Walking on the hard tarmac was not good for our tired feet, and the pain soon set in so we both took paracetemol to ease things a little. As we walked I noticed a bus coming from the opposite direction which, instead of having a destination on the board above the windscreen, had the message: Buses stop on both sides of the road. I think I must be missing something, because this sounds like rather an obvious statement to me, unless it means the buses are allowed to park up on either side regardless of which direction they’re travelling in. Either way, I’d be far too confused to get on it in the first place, tired feet or not.

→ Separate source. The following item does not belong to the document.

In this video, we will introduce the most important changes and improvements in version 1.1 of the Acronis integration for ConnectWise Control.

Eventually we came to a pub that I was hoping would be open as I could have murdered more cola, but found it was closed, so we pressed on through some rather uneven, boggy fields (rather than having to walk on more tarmac road which might have been quicker), coming across the body of a dead sheep in the process, which was rather worryingly lying in a stream, its contents gradually washing away. We stepped over it and negotiated more boggy ground until we thankfully emerged onto a lane which led down the side of the hill to Ponden reservoir.

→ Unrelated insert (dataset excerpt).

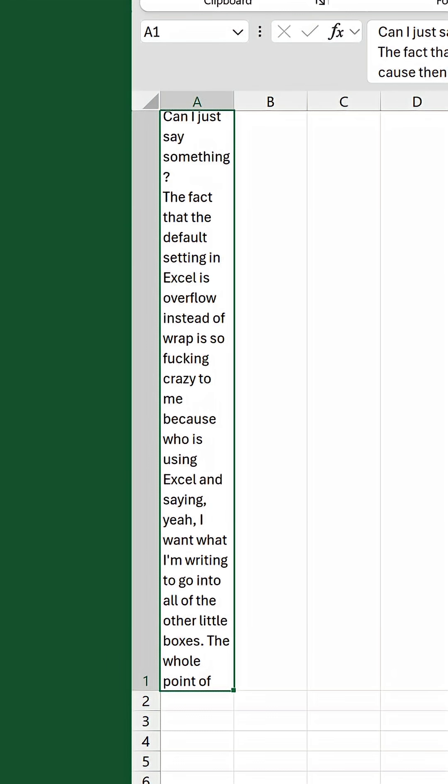This behavior might or might not be what you want. If you just want the text to stay inside the cell while preserving the existing row height, there is a solution.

Looking down to Ponden Reservoir
Looking down to Ponden Reservoir

For many Pennine Way walkers, Ponden is the end of a day’s walking (usually from Mankinholes or Hebden Bridge), but because we’d messed things up a bit, we had to carry on, which was a shame because Ponden was an attractive area, the reservoir itself almost unnatural still, as though it were frozen over, the boats that were moored up not bobbing in the slightest. We passed Ponden Hall and the campsite which was a tempting prospect, then walked on up another hill, stopping near the top in a small wooded area to have a quick lie down and a snack, and to also answer the call of nature which we would have to do several times more during the trip as one might expect. It should be pointed out that not only should one expect this, but one should be prepared for it too… if one catches my drift.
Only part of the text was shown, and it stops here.